Task description
Write out exactly, and only, the lines below from the line with "Lace Calls Brides" through the line with "Cozy Ankle Sock 3"; pictures do not belong in the copy.

Data supplied

——

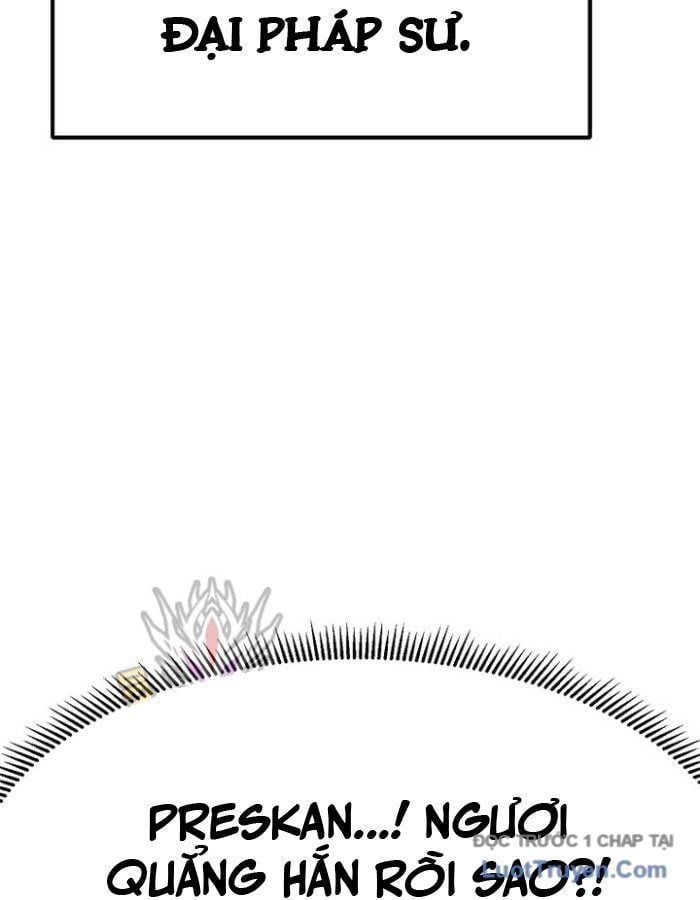 đọc truyện Hồi Quy Trở Lại Thành Kẻ Vô Dụng Chương 99 ảnh 68 tại Thiên Thai Truyện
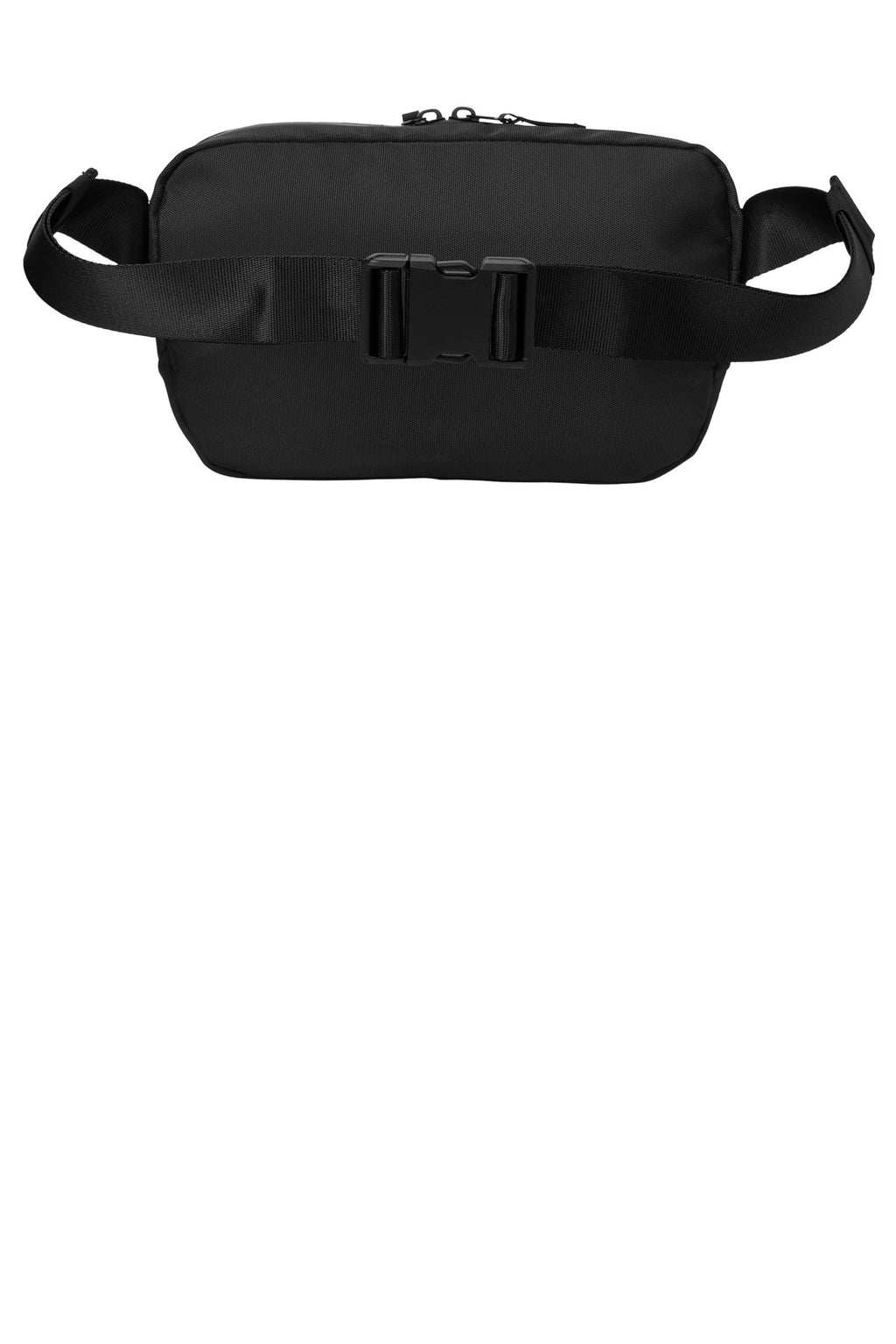 MMB600_DEEPBLACK_Flat_Back.jpg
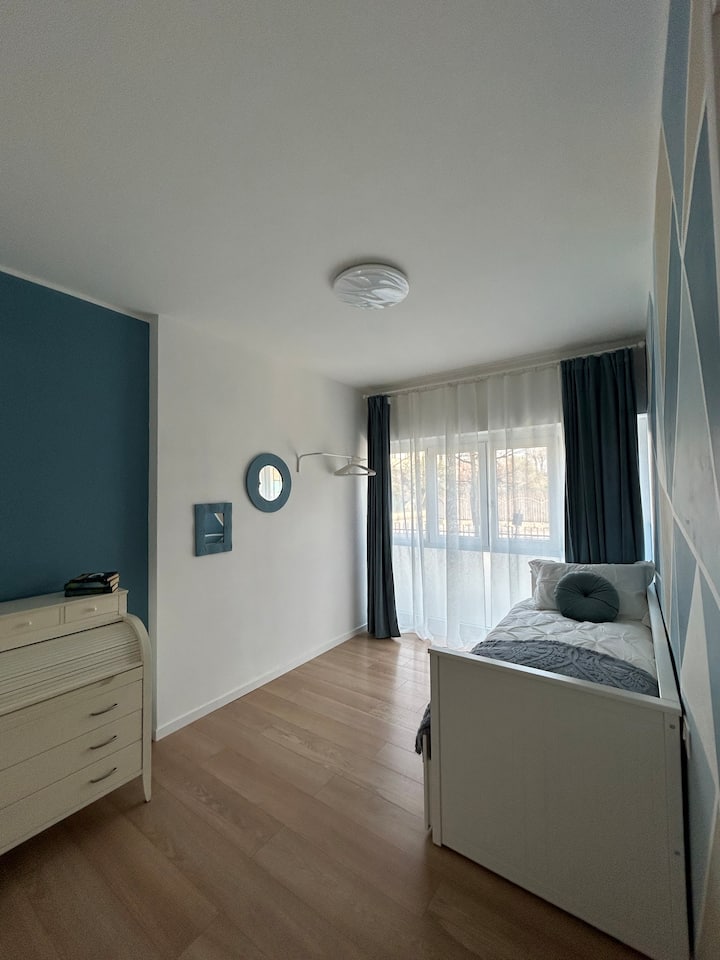 Chambre 2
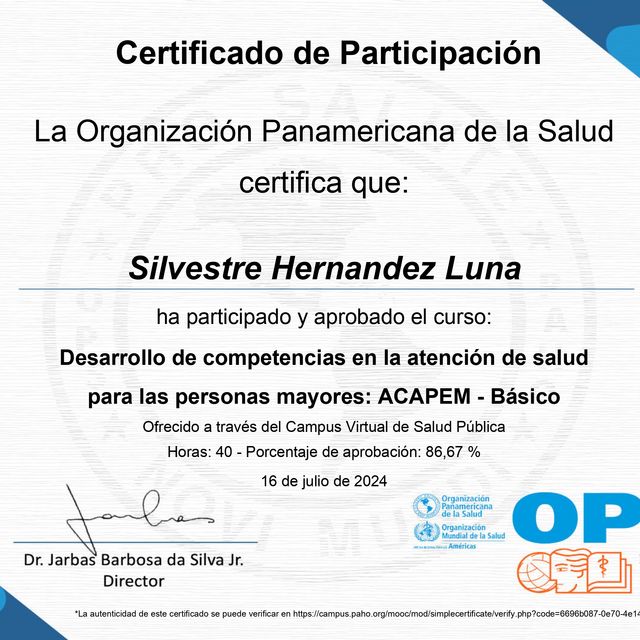 Ampliar imagen: certificate 11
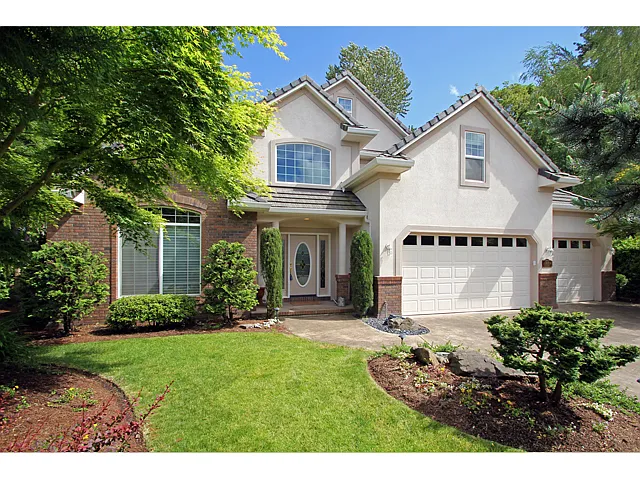 2534 Riverwalk Loop photo 1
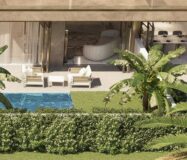 4 Bedroom Villa for sale in Mohammad Bin Rashid City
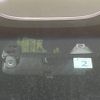 honda freed-hybrid 2020 CFJ1803061 image 4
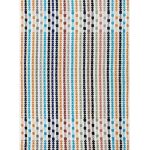 Saturnia Hand Bundle – 2 Pack – Multi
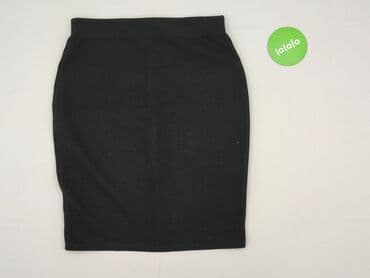 spódniczka gotycka: St. Bernard, Women`s skirt, size XL (EU 42) — 3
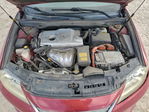Lexus ES 2013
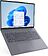 Ноутбук Lenovo IdeaPad Slim 3 16IRH10R 83K50007RK Win 11 Pro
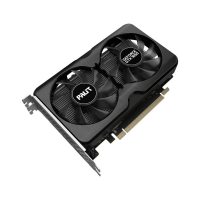 Placa video Palit NE61650S1BG1-1175A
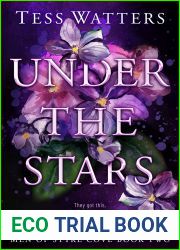 Under the Stars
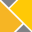 Mineral Tiles logo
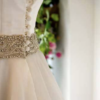 Lace Calls Brides To Back Breast Cancer Campaign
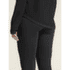 Active Comfort Pants 2 Women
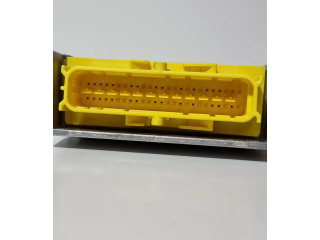 Блок подушек безопасности 4G0907637K, 4G0907637   Audi A6 S6 C7 4G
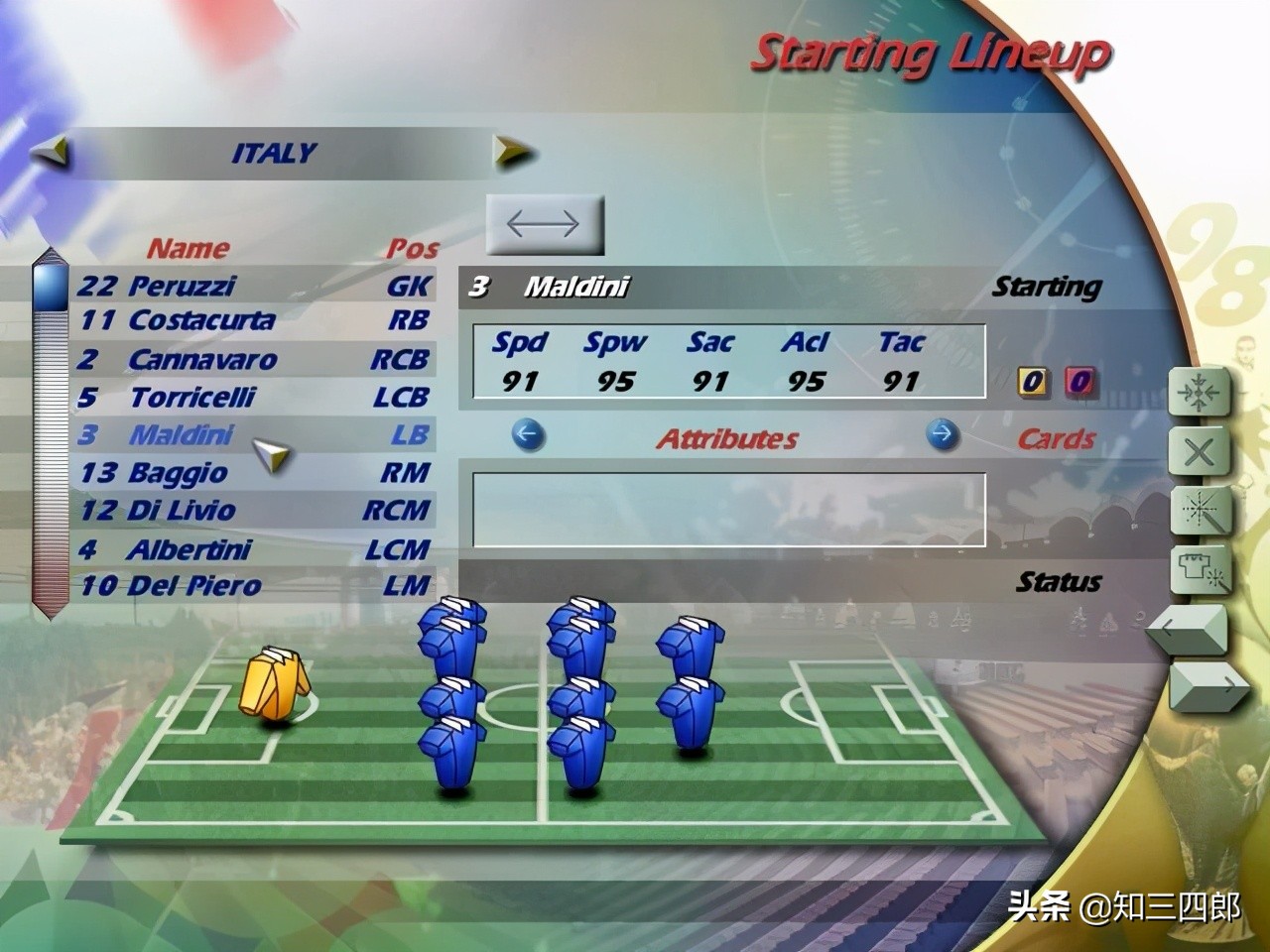 那些年我们曾经玩的游戏,那些年我们玩的电脑游戏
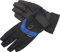 Kinetic Armor Handschuh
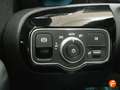 Mercedes-Benz A 200 d Blanco - thumbnail 17
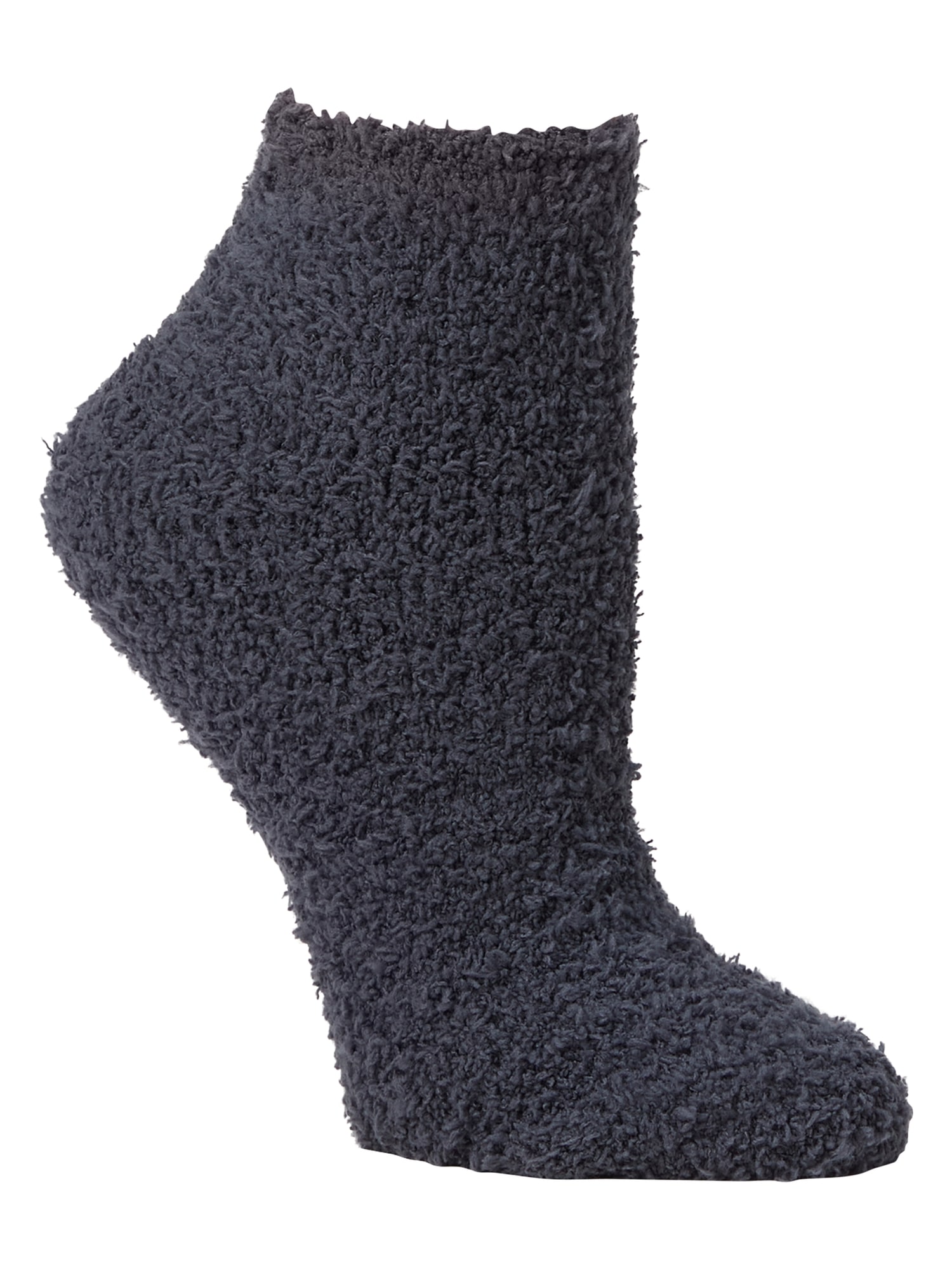 Cozy Ankle Sock 3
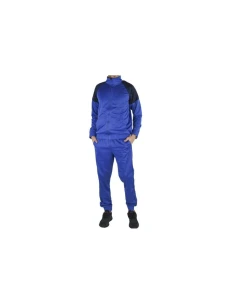 Pánské tepláky Ulfinno M 706155-19-4053 - Kappa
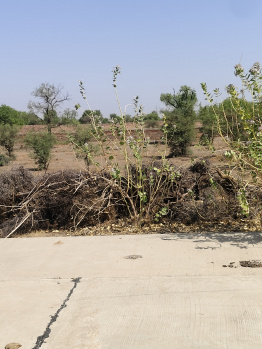 Property for sale in Salawas Road, Jodhpur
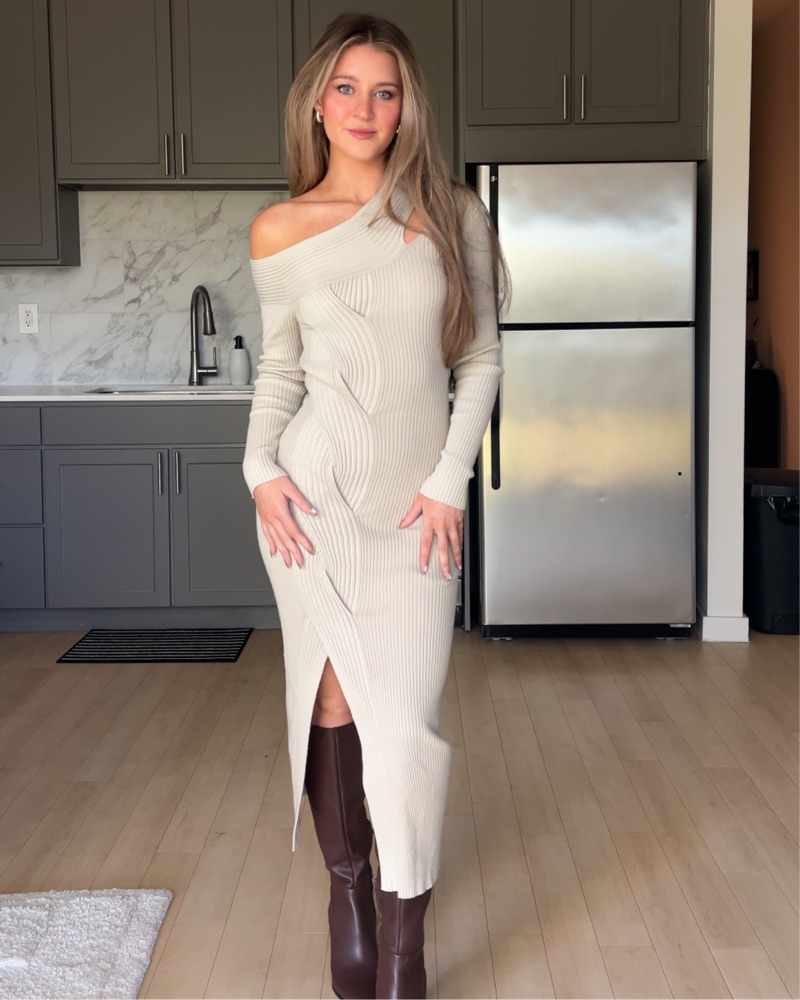 Jonathan Simkhai Dress by Jonathan Simkhai - Pickle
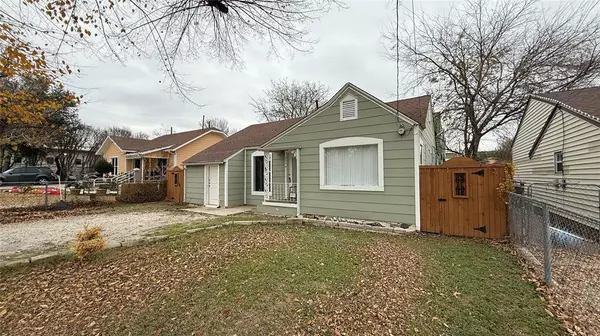 Dallas, TX 75235,2246 Anson Road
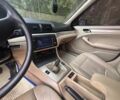 Синій БМВ 3 Серія, об'ємом двигуна 2 л та пробігом 399 тис. км за 4151 $, фото 7 на Automoto.ua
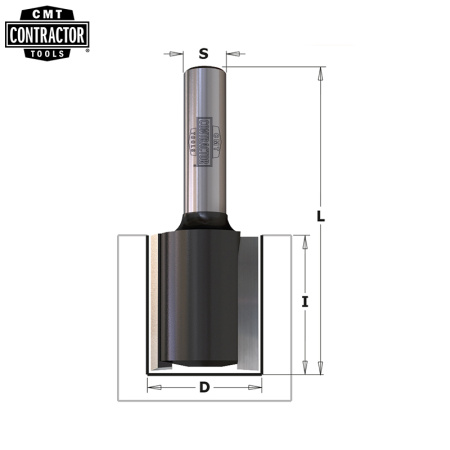 frezy_kontsev_cmt_contractor_911_k912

——

Response
 Lace Calls Brides To Back Breast Cancer Campaign
 Active Comfort Pants 2 Women
 Блок подушек безопасности 4G0907637K, 4G0907637   Audi A6 S6 C7 4G
 那些年我们曾经玩的游戏,那些年我们玩的电脑游戏
 Kinetic Armor Handschuh
 Mercedes-Benz A 200 d Blanco - thumbnail 17
 Cozy Ankle Sock 3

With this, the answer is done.